• _Raw data_:

[Start of Attachment]

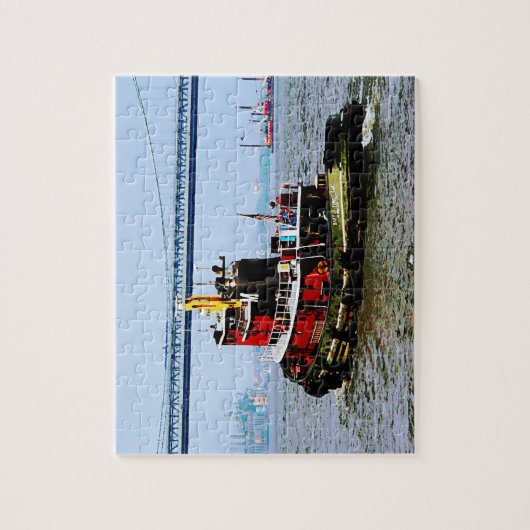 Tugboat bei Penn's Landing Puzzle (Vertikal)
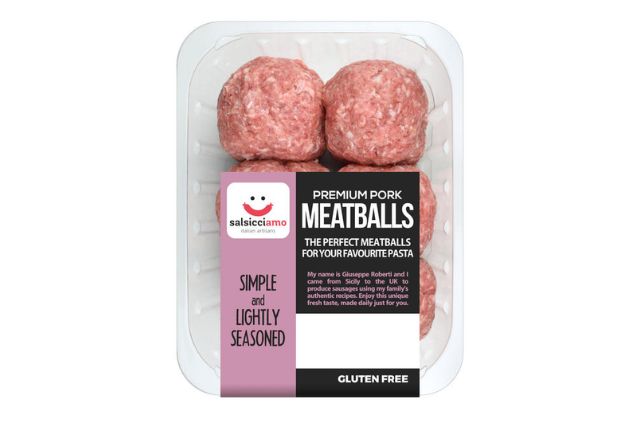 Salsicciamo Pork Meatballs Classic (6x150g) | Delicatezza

[End of Attachment]
[Start of Attachment]

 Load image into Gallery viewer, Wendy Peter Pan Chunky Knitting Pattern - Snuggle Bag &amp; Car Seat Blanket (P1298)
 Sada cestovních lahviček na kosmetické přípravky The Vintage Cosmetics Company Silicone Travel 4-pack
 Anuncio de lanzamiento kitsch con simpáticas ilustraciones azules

[End of Attachment]

• _What to produce_: Print the line above containing "Tugboat bei Penn's Landing Puzzle (Vertikal)", the line containing "Salsicciamo Pork Meatballs", and everything between them, exactly as written. Pictures stay out.

• _Solution for this task_:
 Tugboat bei Penn's Landing Puzzle (Vertikal)
 Salsicciamo Pork Meatballs Classic (6x150g) | Delicatezza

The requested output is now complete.